ASSIGNED TASK
Once you have counted the lines below that contain "stands", give that number and nothing else.

(Scraped caption text data)

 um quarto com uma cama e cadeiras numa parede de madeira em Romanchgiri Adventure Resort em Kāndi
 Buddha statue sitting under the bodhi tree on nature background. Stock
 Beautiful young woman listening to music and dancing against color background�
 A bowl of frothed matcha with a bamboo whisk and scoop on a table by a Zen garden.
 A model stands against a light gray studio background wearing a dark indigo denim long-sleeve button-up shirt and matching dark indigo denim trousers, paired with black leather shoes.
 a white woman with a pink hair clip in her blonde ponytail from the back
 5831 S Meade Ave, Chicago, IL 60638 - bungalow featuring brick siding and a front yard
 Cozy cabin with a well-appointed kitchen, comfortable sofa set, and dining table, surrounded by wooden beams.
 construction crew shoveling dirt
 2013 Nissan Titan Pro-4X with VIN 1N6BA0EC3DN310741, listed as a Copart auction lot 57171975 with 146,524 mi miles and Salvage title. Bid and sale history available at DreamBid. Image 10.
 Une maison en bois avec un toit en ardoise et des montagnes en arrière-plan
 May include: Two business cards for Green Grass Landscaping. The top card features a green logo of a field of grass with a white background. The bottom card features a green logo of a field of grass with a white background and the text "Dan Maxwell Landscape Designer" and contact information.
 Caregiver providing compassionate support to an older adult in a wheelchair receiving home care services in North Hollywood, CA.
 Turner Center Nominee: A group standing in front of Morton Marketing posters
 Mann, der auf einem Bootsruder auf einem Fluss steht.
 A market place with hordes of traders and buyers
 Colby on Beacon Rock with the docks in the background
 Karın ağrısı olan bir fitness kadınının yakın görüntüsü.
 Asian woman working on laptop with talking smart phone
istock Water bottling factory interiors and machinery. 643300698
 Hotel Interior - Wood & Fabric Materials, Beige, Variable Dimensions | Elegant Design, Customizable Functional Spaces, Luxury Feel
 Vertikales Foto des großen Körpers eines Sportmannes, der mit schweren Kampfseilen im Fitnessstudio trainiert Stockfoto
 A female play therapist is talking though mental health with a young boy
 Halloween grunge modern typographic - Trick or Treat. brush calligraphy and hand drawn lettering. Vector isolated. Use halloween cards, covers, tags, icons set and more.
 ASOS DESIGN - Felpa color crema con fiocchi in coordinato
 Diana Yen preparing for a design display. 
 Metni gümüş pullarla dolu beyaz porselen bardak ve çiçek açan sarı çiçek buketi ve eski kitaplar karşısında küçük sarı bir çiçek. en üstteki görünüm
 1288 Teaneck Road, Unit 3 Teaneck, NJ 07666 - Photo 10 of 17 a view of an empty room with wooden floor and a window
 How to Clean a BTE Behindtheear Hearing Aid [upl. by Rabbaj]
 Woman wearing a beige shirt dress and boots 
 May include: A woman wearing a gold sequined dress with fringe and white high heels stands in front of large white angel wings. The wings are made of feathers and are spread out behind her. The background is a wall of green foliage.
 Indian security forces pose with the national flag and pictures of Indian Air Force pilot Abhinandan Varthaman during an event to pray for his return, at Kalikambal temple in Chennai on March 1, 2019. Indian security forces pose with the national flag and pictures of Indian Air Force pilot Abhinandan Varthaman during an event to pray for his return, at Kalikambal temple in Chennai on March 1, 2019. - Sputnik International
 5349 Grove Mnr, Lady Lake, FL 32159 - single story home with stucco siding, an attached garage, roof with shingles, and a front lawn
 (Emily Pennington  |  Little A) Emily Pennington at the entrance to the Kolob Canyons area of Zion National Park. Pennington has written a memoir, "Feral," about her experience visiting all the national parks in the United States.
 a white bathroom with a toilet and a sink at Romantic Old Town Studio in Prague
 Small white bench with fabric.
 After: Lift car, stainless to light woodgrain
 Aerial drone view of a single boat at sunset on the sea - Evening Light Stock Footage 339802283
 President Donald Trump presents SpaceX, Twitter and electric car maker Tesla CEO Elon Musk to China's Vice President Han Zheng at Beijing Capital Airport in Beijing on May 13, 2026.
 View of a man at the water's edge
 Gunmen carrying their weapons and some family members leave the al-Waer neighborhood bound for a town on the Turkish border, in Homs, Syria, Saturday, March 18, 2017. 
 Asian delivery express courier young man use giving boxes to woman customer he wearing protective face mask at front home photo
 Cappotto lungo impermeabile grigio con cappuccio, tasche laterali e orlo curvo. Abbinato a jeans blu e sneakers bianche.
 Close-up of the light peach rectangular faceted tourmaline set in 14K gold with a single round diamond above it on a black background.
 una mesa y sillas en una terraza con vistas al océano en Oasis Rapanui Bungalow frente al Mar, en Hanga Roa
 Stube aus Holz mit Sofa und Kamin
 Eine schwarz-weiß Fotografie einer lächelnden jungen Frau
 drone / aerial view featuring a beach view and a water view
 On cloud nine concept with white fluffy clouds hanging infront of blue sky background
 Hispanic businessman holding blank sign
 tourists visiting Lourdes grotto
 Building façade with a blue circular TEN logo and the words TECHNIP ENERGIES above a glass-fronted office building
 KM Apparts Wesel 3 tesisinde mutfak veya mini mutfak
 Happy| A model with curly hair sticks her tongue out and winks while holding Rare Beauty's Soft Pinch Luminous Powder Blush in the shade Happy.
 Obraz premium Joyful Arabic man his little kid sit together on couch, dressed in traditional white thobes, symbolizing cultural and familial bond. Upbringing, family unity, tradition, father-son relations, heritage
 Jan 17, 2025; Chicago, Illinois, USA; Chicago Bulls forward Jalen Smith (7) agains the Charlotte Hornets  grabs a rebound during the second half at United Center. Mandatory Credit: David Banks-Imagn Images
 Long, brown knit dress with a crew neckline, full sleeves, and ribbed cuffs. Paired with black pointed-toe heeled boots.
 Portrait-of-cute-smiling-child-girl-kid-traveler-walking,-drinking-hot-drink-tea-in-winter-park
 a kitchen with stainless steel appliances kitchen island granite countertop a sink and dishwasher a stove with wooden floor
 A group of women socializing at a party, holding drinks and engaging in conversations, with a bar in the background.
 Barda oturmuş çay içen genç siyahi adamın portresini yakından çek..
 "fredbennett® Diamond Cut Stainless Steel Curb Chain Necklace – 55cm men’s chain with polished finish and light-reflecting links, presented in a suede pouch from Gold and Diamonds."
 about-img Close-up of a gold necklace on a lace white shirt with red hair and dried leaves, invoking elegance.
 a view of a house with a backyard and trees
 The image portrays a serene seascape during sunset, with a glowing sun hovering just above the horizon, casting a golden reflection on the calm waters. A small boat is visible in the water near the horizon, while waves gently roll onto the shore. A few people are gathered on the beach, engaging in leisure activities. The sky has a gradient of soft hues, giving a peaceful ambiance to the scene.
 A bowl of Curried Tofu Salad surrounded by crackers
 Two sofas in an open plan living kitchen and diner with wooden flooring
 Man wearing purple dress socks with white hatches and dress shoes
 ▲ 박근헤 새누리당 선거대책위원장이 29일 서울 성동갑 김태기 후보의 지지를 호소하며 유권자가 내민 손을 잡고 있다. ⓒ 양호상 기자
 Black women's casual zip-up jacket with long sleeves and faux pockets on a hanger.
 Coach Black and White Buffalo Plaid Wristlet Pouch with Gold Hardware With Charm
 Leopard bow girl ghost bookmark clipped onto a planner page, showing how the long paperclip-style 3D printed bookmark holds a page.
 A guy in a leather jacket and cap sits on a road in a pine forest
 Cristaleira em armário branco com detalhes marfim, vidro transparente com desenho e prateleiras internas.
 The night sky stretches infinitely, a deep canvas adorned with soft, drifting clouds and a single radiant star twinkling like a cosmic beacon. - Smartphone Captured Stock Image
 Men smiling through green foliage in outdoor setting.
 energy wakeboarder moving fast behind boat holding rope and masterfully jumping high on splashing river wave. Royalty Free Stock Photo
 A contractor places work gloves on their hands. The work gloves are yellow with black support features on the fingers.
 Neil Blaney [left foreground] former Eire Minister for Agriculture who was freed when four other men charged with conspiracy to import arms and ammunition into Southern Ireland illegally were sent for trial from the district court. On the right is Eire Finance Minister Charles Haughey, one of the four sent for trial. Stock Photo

ANSWER SPACE
2